> **Task description**:
In the listing below, find the line with "Matrica Fotótapéta Maci" and the line with "Websiteontwerp door Winq", then return them and every line between them exactly, minus the pictures.

> **Input material**:

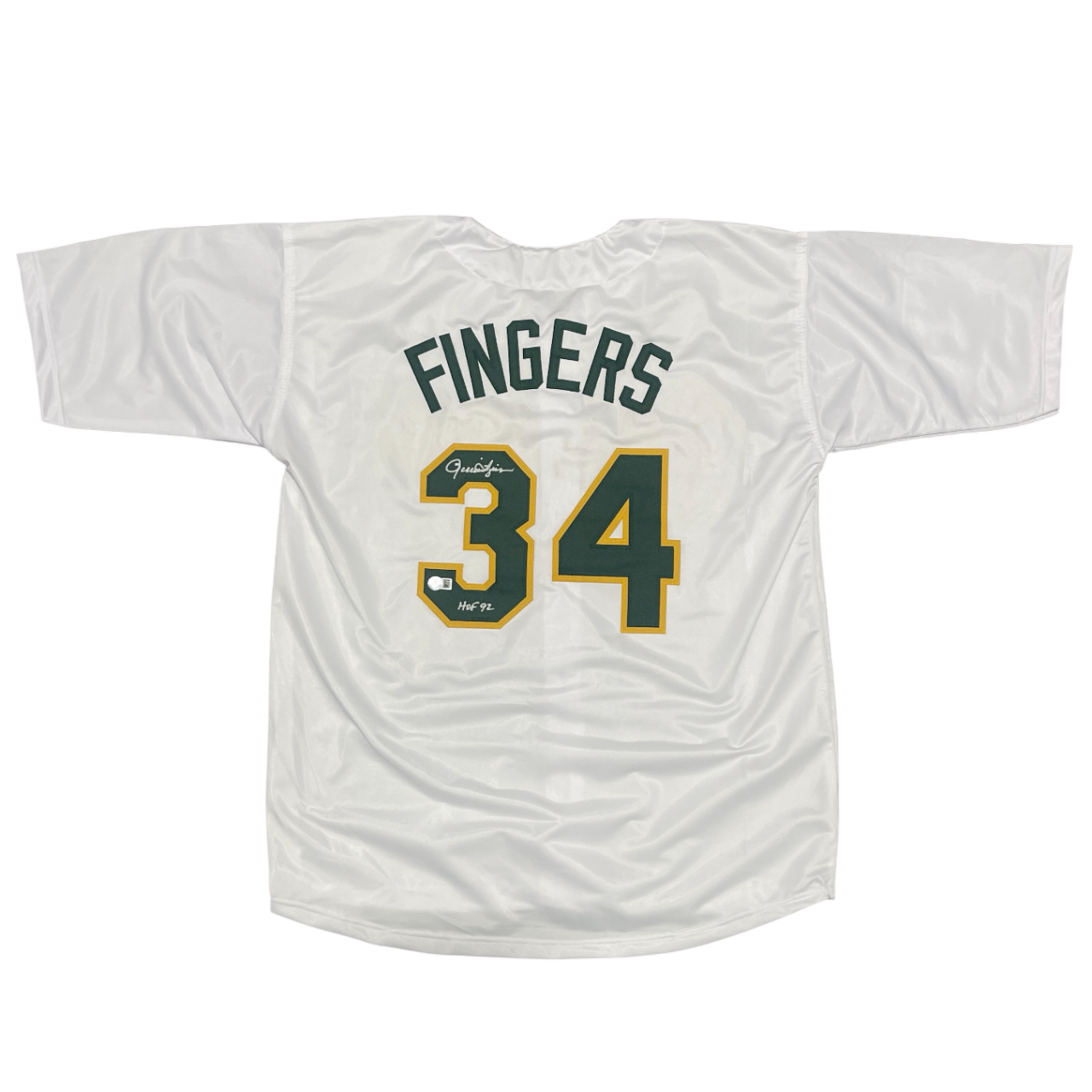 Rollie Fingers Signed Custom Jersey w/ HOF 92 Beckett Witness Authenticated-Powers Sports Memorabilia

* * *

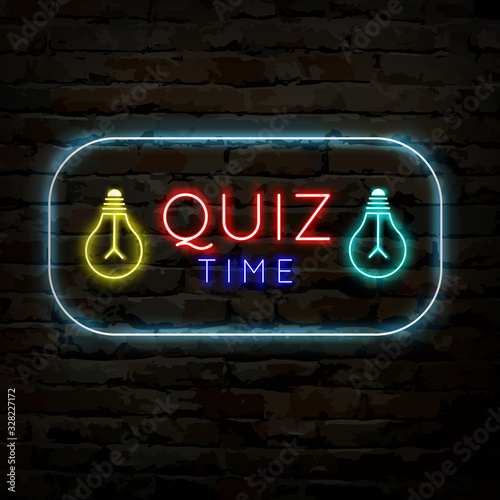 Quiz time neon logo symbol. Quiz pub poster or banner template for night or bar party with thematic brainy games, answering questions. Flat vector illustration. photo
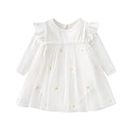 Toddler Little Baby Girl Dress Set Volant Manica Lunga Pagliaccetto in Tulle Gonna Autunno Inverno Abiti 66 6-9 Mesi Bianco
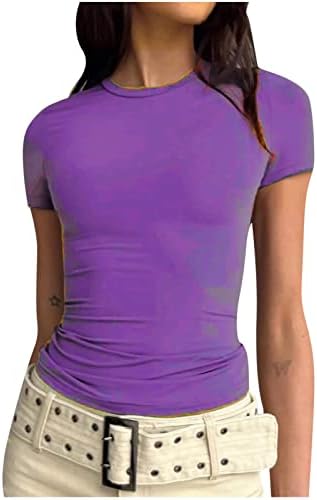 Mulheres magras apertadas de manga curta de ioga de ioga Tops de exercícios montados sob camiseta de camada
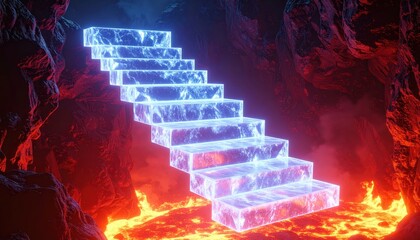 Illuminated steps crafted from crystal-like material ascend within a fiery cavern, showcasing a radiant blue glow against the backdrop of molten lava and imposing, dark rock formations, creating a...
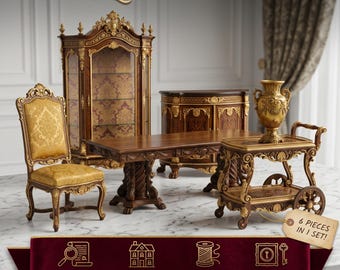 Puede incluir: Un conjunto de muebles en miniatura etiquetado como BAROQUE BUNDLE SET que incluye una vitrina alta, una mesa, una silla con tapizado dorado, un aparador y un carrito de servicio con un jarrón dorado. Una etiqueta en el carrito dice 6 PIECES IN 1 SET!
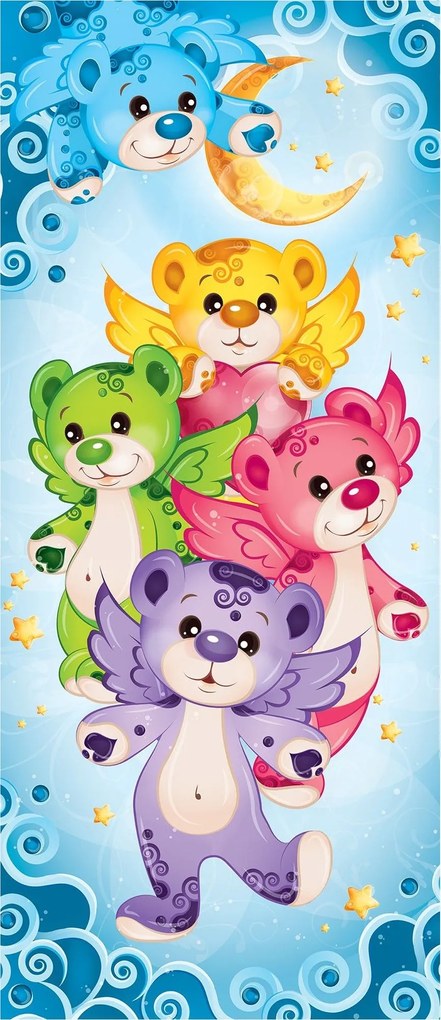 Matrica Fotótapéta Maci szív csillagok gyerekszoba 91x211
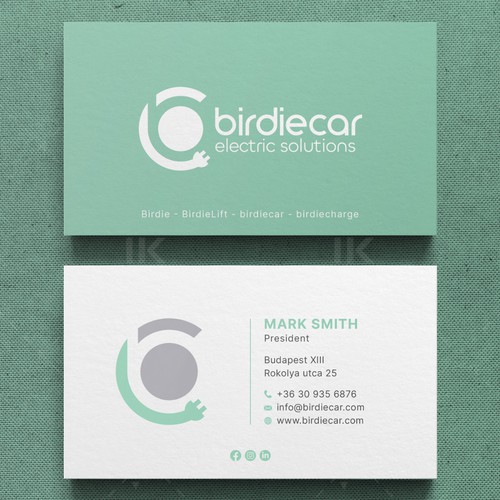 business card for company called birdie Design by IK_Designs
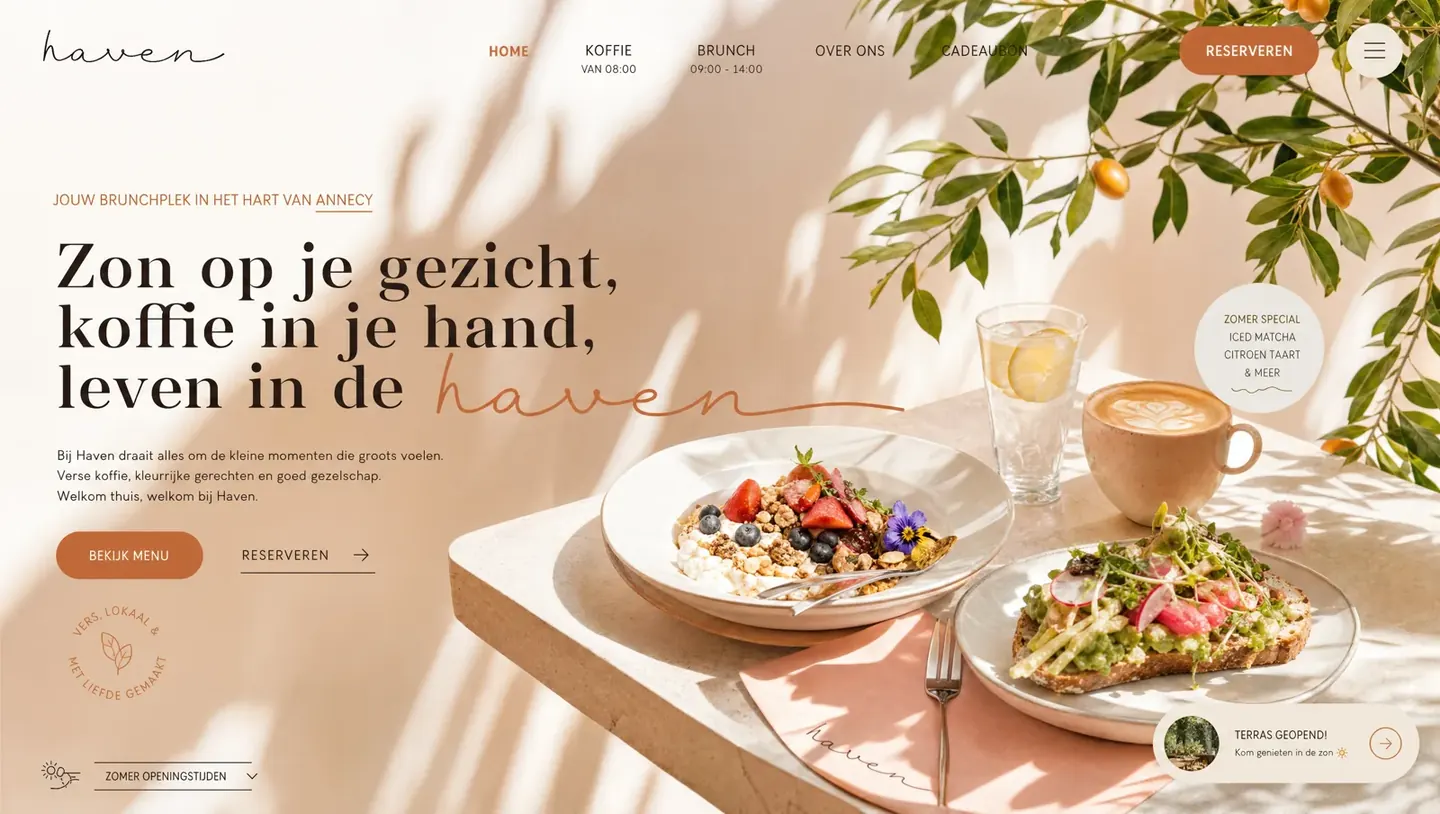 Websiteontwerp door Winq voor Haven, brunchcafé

> **Problem solution**:
 Matrica Fotótapéta Maci szív csillagok gyerekszoba 91x211
 business card for company called birdie Design by IK_Designs
 Websiteontwerp door Winq voor Haven, brunchcafé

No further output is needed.